Modules allow you to logically organize yourPythoncode snippets.
Assigning related code to a module can make your code more usable and easier to understand.
Modules are also Python objects with random namesAttributesused for binding or reference.
Simply put, a module is a file that stores Python code. Modules candefine functions, classes andvariables. Modules can also contain executable code.
Example
The Python code in a module called aname can usually be found in a file called aname.py. The following example is a simple module support.py.
defprint_func( par ):
print "Hello : ", par
Want to use Python source file, just execute the import statement in another source file, the syntax is as follows:
importmodule1[, module2[,... moduleN]
When explained When the compiler encounters an import statement, the module will be imported if it is in the current search path.
The search path is a list of all directories that the interpreter will search first. If you want to import the module hello.py, you need to put the command at the top of the script:
#!/usr/bin/python
# Import module
import support
# Now you can call the functions contained in the module
support.print_func("Zara")
The output result of the above example:
Hello: Zara.
A module will only be imported once, no matter how many times you execute the import. This prevents imported modules from being executed over and over again.
Python's from statement allows you to import a specified part from a module into the currentnamespace. The syntax is as follows:
>>>from modname import name1[, name2[, ... nameN]]
For example, to import the fibonacci function of module fib, use the following statement:
>>>from fib import fibonacci
This statement will not import the entire fib module into the current namespace, it will only introduce a single fibonacci in fib into the execution The global symbol table of this declared module.

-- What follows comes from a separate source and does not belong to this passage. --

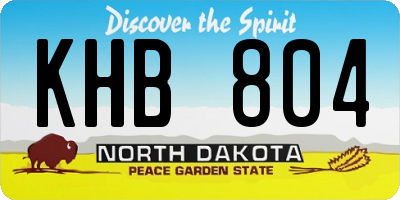 ND license plate KHB804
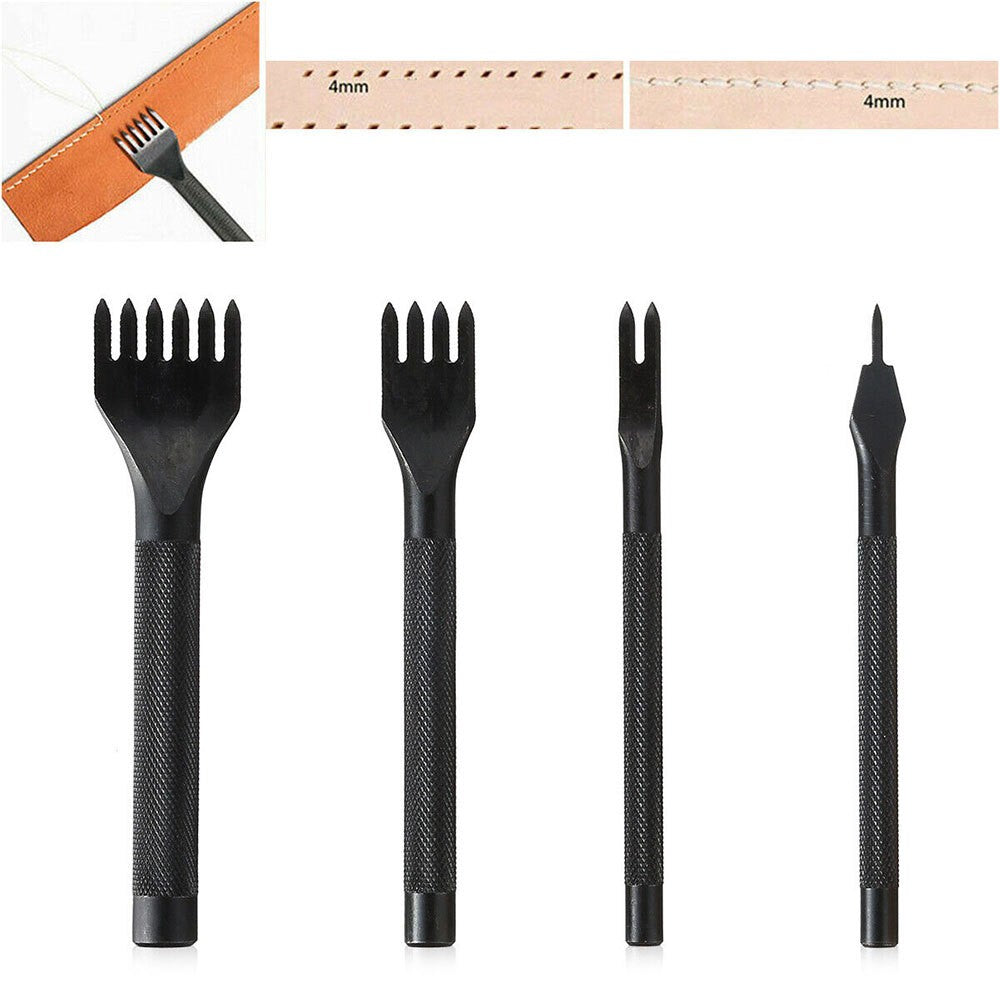 18Pcs Leather Craft Tool Kit Stitching Sewing Beveler Punch Working Hand Tools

It is also feasible to import all the contents of a module into the current namespace, just use the following statement:
> ;>>from mod_name import *
This provides an easy way to import all projects in a module. However, this statement should not be overused.
When you import a module, the Python parser searches for the module location in the following order:
Current directory
If it is not in the current directory, Python searches every directory under the shell variable PYTHONPATH
.
If neither is found, Python will check the default path. Under UNIX, the default path is generally /usr/local/lib/python/
. The module search path is stored in the sys.path variable of the system module. The variables include the current directory, PYTHONPATH and the default directory determined by theinstallationprocess.
As an environment variable, PYTHONPATH consists of many directories installed in a list. The syntax of PYTHONPATH is the same as that of the shell variable PATH.
In Windows systems, the typical PYTHONPATH is as follows:
set PYTHONPATH=c:\python20\lib;
In UNIX systems, the typical PYTHONPATH is as follows:
set PYTHONPATH=/usr/local/lib/python
Variables are names (identifiers) that have matching objects. A namespace is a dictionary containing variable names (keys) and their corresponding objects (values).A Python
expressioncan access variables in the local namespace and global namespace. If a local variable has the same name as a global variable, the local variable overrides the global variable.Each function has its own namespace. The scoping rules for class methods are the same as for regular functions.
Python will intelligently guess whether a variable is local or global, assuming that any variable assigned within a function is local.
Therefore, if you want to assign a value to a global variable in a function, you must use the global statement.
The expression of global VarName will tell Python that VarName is a global variable, so that Python will not look for this variable in the local namespace.
For example, we define a variable money in the global namespace. We then assign a value to the variable money within the function, and then Python will assume that money is a local variable. However, we did not declare a local variable money before accessing it, and the result is an UnboundLocalError. This problem can be solved by canceling thecommentof the global statement.
>>>#!/usr/bin/python
>>>Money = 2000
>>>def AddMoney( ):
# If you want to correct the code, uncomment the following:
# global Money
Money = Money + 1
>>>print Money
>>>AddMoney()
>>>print Money
stringlist, the content is the name defined in a module.
The returned list contains all modules, variables and functions defined in a module. Here is a simple example: >>>#!/usr/bin/python >>># Import the built-in math module > ;>>import math >>>content = dir(math) >>>print content; The above example output result : ['doc', 'file', 'name', 'acos', 'asin', 'atan',
'atan2', 'ceil ', 'cos', 'cosh', 'degrees', 'e', 'exp', 'fabs', 'floor', 'fmod', 'frexp', 'hypot', 'ldexp ', 'log', 'log10', 'modf', 'pi', 'pow', 'radians', 'sin', 'sinh', 'sqrt', 'tan', 'tanh'] Here,Special charactersThe string variable name points to the name of the module, and file points to the name of the imported file of the module.
>>>from Pots import Pots
>>>from Isdn import Isdn
>>>from G3 import G3
After you add these codes to init.py, all these classes will be available when importing the Phone package.
>>>#!/usr/bin/python
>>># Now import your Phone Package.
>>> ;import Phone
>>>Phone.Pots()
>>>Phone.Isdn()
>>>Phone .G3()
Output result of the above example:
I'm Pots Phone
I'm 3G Phone
I'm ISDN Phone
As above, for the sake of example, we only placed in each file One function, but you can actually put many functions. You can also define Python classes in these files and then build a package for these classes.